John Cusack and Paul Dano both lean in as Wilson gently sings the words, snapping his fingers with a smile on his face. It’s a welcome moment of joy and escape for the creator of some of the most innovative recordings of the 1960s, a man whose life and career were interrupted by mental illness, the lingering effects of an abusive father and his band’s loss of creative nerve.
This path makes Love & Mercy, which opens Friday, both a story of great inspiration and a cautionary tale. The film unfolds as two intertwined stories: Dano plays Wilson during his youth and the making of the influential Pet Sounds and the aborted Smile, and Cusack plays the same man in the 1980s, struggling to heal in middle age while the virtual prisoner of radical therapist Eugene Landy.
“A couple of times I dropped by the set to check it out,” says Wilson, now relaxed in an upstairs suite, his hair gray and elegantly combed back. “It was kind of like a shock. Everything was happening.”
Sitting beside Wilson, Cusack turns to the singer: “It had to be eerie, to see us dressed like you.”
Wilson nods. “It was like going back to the past and the present both.”

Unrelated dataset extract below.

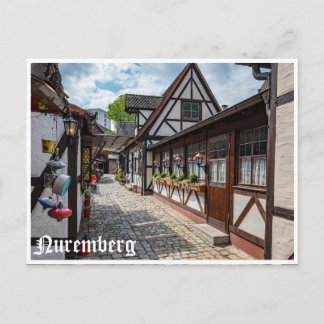 Medieval half-timbered shops in Nuremberg, German Postcard
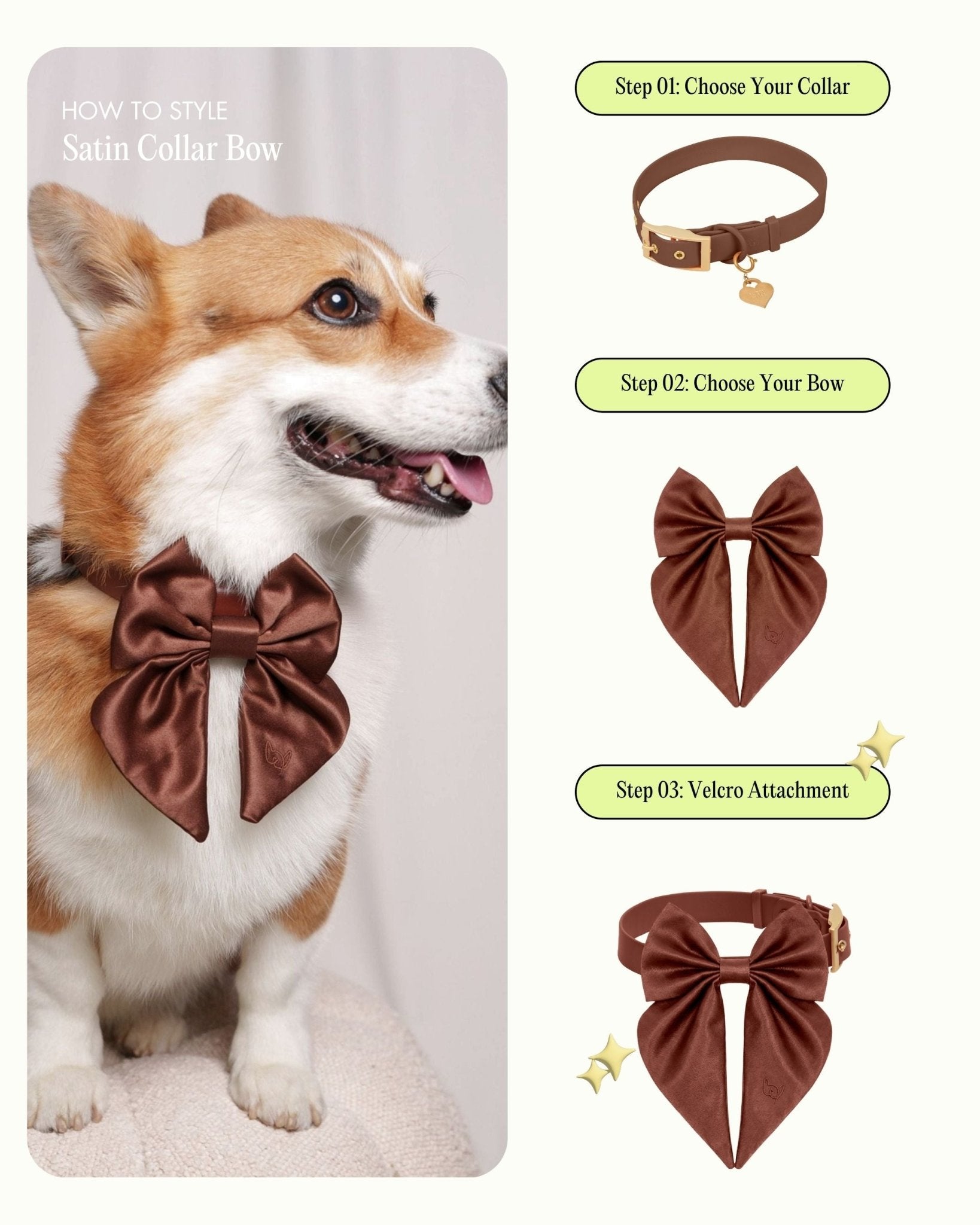 Satin Collar Bow 2.0 - Cocoa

One of his set visits took place at the original location of Western Studio (now EastWest), where several classic Beach Boys records were made. One of the film’s most uplifting scenes recreates the intense, rule-breaking sessions for Pet Sounds.
“That was a creative period for me,” remembers Wilson. “I made it with Hal [Blaine] and Carol [Kaye] and all the guys in the Wrecking Crew and had a good time making some of the music.”
The album wasn’t a huge hit at the time, despite including the Top 10 single “Wouldn’t It Be Nice,” but it has grown to be revered as one of the highest points of the Beach Boys’ catalog. The follow-up album was to be Smile, but this was shelved due to Wilson’s deteriorating mental state and the band’s impatience with his elaborate sessions and uncertain commercial prospects. (Wilson finally released a completed Smile as a solo artist in 2004.)
“The band didn’t want to do it,” Wilson says. “I did. I just said, ‘Look guys, I don’t like your attitude. You gotta see it my way.'” They wouldn’t.
In preparation for their shared role in Love & Mercy, Cusack and Dano both independently dove into multi-disc collections of the original Pet Sounds and Smile sessions, listening to fragments and alternate takes that revealed Wilson’s musical processes.